Coordinated Effort to Take Place between New York and New Jersey Labor Departments


Albany, NY (CompNewsNetwork) - New York Governor David A. Paterson has directed the New York State Labor Department to take immediate action by reaching out to affected workers on Wall Street. The Labor Department will dispatch its rapid response specialists to assist displaced workers in New York City's financial industry. These rapid response sessions will provide workers with basic information on how to file an unemployment claim, possible training opportunities, labor market information, and workshops covering everything from resume writing to interviewing skills.

Upon the request of Governor Paterson, commissioners from both the New York State Department of Labor and the New Jersey Department of Labor and Workforce Development met this morning to discuss how both agencies can best devote joint resources and staff to assist the industry's displaced workers.

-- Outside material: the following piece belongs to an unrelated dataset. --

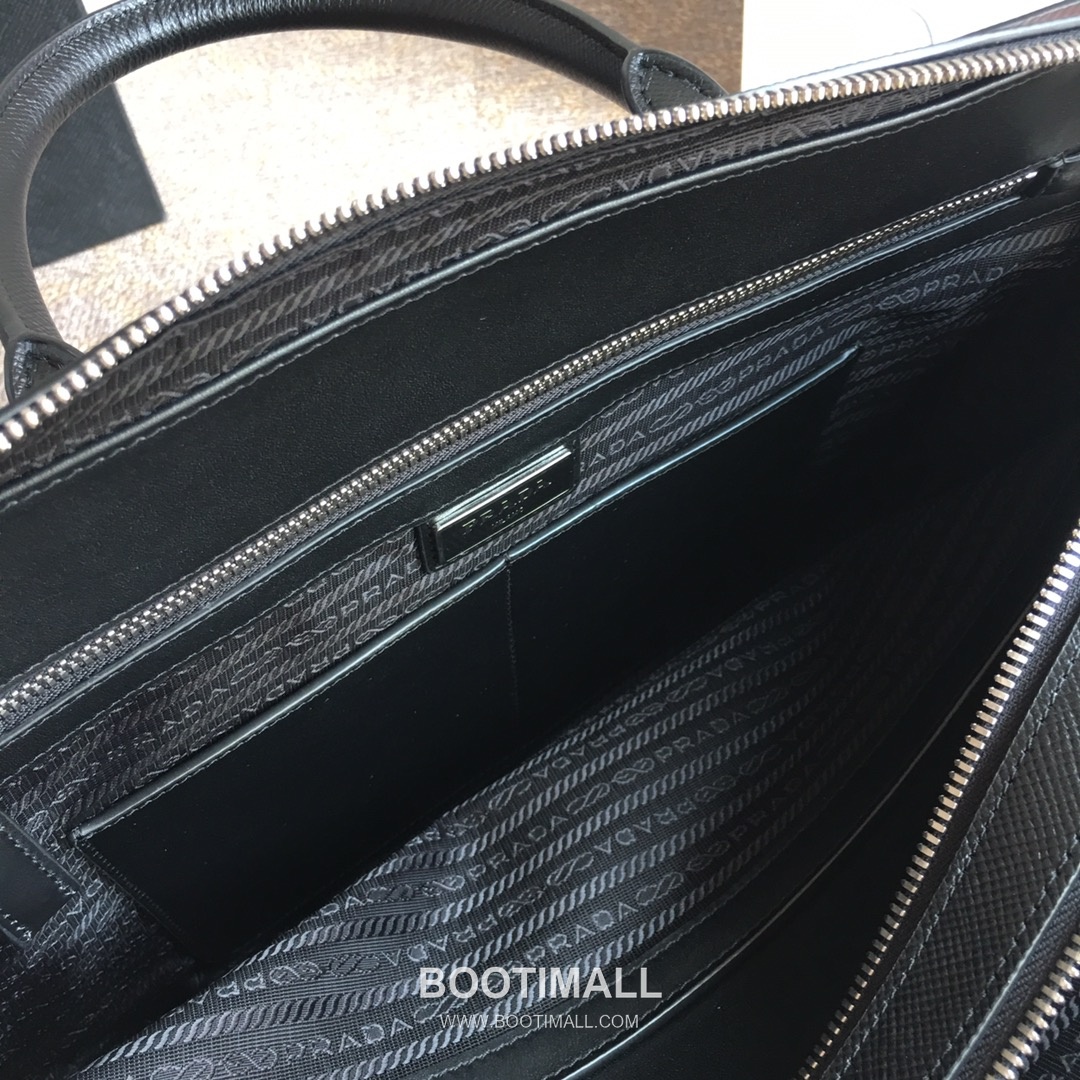 Prada Crossgrain Calfskin Tote Bag with Dual Compartment and Metal Logo Detail 프라다 크로스그레인 카프스킨 더블컴파트먼트 메탈로고 토트백 2VE366B 36cm 8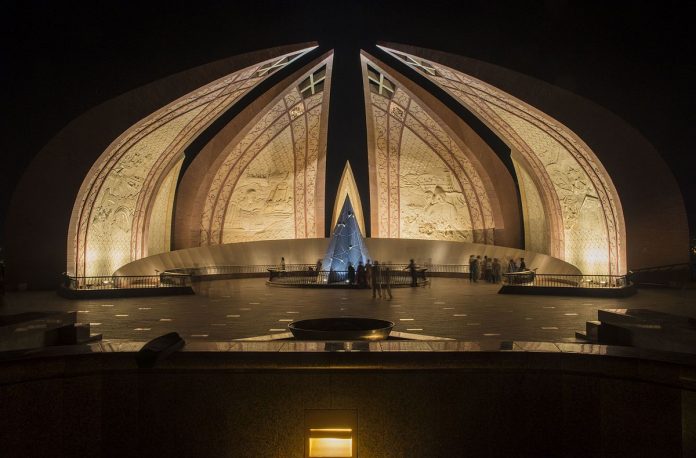 pakistan anıtı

“These are unparalleled circumstances that workers in New York's financial industry are facing, and they need to know that government is here to help in every way we can,” said Governor Paterson. “Wall Street's continuing problems should serve as a stark reminder that this recession is far from over, and clearly there is significant work to be done to help our state economy and, more importantly, the residents of New York weather this financial crisis.”

Approximately 11,000 jobs were lost in New York's finance and insurance sectors between July 2007 and July 2008. More recent data will likely show this number continues to grow and based on past data, approximately 40,000 jobs in the financial services industry in the New York City area can be expected to be lost in the current downturn. All told, approximately 120,000 jobs may ultimately be directly and indirectly affected as a result of financial sector turmoil.

Additionally, the New York State Labor Department is leading the coordination of a Federal Reserve-Bank of New York Mellon hosted tri-state initiative which will examine the impact of financial sector turmoil in New York. This initiative will focus on job loss in the financial services and related industry sectors, in addition to the spillover effects on other employment that is indirectly supported by those jobs.

New York State Labor Commissioner M. Patricia Smith said: “We are acting right now on behalf of workers to help them get back on their feet so they can continue to contribute to our city and state's economy. This unprecedented collaboration between New York and New Jersey will begin immediately, and won't end until this crisis is over.”

New Jersey Labor Commissioner David J. Socolow said: “Governor Corzine and I know that many Lehman Brothers workers commute to or from New Jersey. By working together with the New York Labor Department we can provide a comprehensive approach to reaching the workers and guiding them to the right services no matter where they live or where they worked.”

The Labor Department will reach out to Wall Street investment companies and offer resources for their current and former employees, including meetings with human resources to collect information on worker skills. The Labor Department will then contact area employers who may be interested in recruiting these workers.

According to the State Labor Department, over the long term, the securities and commodities industry is an economic driver for New York City, with employment and wages growing far faster than the overall economy. In 2007, Wall Street accounted for 185,700 jobs; 5.8 percent of New York City's private sector employment and 28 percent of private sector wages.